Cette « île aux trésors », conceptualisée par R.L. Stevenson et revisitée par les trois groupes précités, nous a offert des instants magiques. Certes, le principe des projets développés par « Colossus » peine à se renouveler. On pourra reprocher à « Treasure Island » un manque d’originalité et de fantaisie par rapport aux exercices précédents, une tendance au plagiat et à cette fâcheuse coutume visant à faire renaître les trésors du passé sans chercher à en enfanter de nouveaux, une trame qui a parfois tendance à s’éparpiller et à perdre en cohérence, une hétérogénéité renforcée par la présence de trois formations aux inspirations et aux tendances différentes (mais cet oeuvre ne doit pas être appréhendée comme un ensemble, mais plutôt comme une apparente trilogie composée de trois chapitres aux couleurs différentes), une production trop "rétro" (mais ô combien volontaire!) ou encore une impression de « déjà vu » que ressentiront peut-être les puristes du rock progressif seventies. On imagine toutefois aisément que ce propos musical s’adresse particulièrement à eux (excepté peut-être le titre de « Nexus »), seuls à même de dénicher les trésors enfouis en son sein, tant il apparaît particulièrement expérimental et varié, dénué de toutes préoccupations commerciales et envahi par une fusion de genres et d’instruments. Ce projet ne fera pas l’unanimité, certes.
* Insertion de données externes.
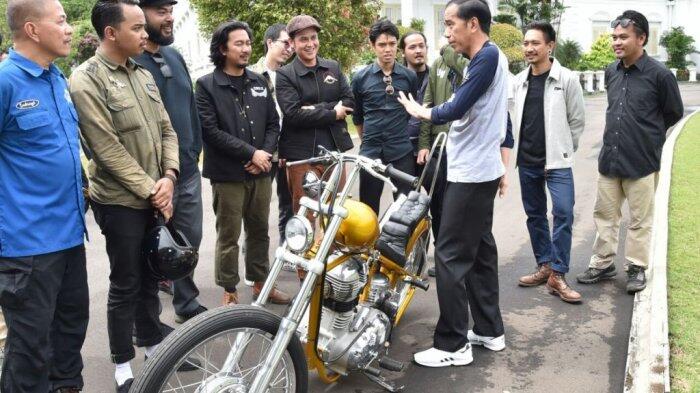 Modifikator Jamin Motor Chopper 'Jokowi' Dilengkapi BPKB dan STNK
Mais qu’importe, il n’en demeure pas moins que cet ensemble épique est interprété avec force et talent par des formations dont le plaisir à composer et à jouer transparaît au détour d’une maîtrise parfaite de l’événement. « Treasure Island » se révèle ainsi être une œuvre appelée à titiller la fibre musicale des passionnés de ce genre typiquement « seventies », si spécifique mais si riche à la fois. On en redemande.